= Kiribati Court of Appeal =

Supreme Court of Kiribati

The Kiribati Court of Appeal is the supreme court of Kiribati established according to the Constitution of Kiribati of 12 July 1979 (section 90). The Court sits in Betio, South Tarawa.

Sometimes the superior court of Kiribati is also considered to be the High Court of Kiribati because they also share the same building and personal, and the Court of Appeal is a division of High Court, but the Court of Appeal has a superior role.

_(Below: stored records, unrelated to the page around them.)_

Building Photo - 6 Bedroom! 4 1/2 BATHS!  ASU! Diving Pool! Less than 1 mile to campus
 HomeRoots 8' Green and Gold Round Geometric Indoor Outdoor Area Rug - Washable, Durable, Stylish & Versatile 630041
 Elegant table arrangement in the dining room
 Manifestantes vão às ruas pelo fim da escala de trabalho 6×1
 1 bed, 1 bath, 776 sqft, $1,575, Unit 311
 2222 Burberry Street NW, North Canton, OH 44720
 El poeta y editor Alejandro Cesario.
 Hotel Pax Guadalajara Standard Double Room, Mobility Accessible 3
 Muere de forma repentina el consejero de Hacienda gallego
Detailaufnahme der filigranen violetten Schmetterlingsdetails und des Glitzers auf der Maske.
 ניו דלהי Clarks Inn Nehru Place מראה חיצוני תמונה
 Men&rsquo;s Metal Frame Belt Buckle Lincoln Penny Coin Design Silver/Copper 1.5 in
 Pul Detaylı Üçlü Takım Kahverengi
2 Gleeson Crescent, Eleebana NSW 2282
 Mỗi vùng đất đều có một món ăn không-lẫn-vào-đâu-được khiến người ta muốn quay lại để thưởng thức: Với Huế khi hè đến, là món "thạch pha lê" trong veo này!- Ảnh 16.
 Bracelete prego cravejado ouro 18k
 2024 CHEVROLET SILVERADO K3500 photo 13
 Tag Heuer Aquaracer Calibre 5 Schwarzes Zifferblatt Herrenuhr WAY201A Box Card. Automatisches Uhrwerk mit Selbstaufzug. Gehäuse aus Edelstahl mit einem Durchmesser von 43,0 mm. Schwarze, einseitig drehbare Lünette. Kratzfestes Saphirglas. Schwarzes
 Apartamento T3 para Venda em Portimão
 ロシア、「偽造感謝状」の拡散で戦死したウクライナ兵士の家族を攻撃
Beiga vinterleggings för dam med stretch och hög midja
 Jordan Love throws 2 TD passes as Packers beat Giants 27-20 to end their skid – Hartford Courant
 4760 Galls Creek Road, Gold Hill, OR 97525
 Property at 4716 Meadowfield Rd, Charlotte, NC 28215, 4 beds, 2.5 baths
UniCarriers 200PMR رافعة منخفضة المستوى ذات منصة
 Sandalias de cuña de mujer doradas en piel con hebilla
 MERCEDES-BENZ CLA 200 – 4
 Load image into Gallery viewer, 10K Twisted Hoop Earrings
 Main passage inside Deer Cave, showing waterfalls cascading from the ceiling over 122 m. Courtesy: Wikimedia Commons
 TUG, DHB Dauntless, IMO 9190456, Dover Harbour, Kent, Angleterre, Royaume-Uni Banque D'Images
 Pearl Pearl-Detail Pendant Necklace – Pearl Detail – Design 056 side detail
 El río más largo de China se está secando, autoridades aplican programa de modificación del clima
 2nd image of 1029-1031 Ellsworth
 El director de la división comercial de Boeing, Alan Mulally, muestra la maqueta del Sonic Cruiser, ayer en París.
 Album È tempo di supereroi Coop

It consists of at least 5 judges whom the Chief Justice of the High Court of Kiribati and 4 other judges named Justices of Appeal (JA), all of them appointed by the President of Kiribati. There is also a president of the Court, also appointed by the President of Kiribati in accordance to section 90 (3) of the constitution. Chief Justice Bill Hastings was President of the Court of Appeal until he resigned on 6 December 2022. Sir Peter Blanchard, Rodney Hansen and Paul Heath were also members of the Kiribati Court of Appeal. They were suspended on 6 September 2022. The suspensions created the 2022 Kiribati constitutional crisis. The fifth member, Raynor Asher, was appointed but never sworn in.

The Justices of the Court determine appeal and review cases from the High Court, based on question of facts and law and breach of natural justice in general. The Court of Appeal has jurisdiction to hear any civil or criminal appeals as of right from any High Court of Kiribati decision on a question of law.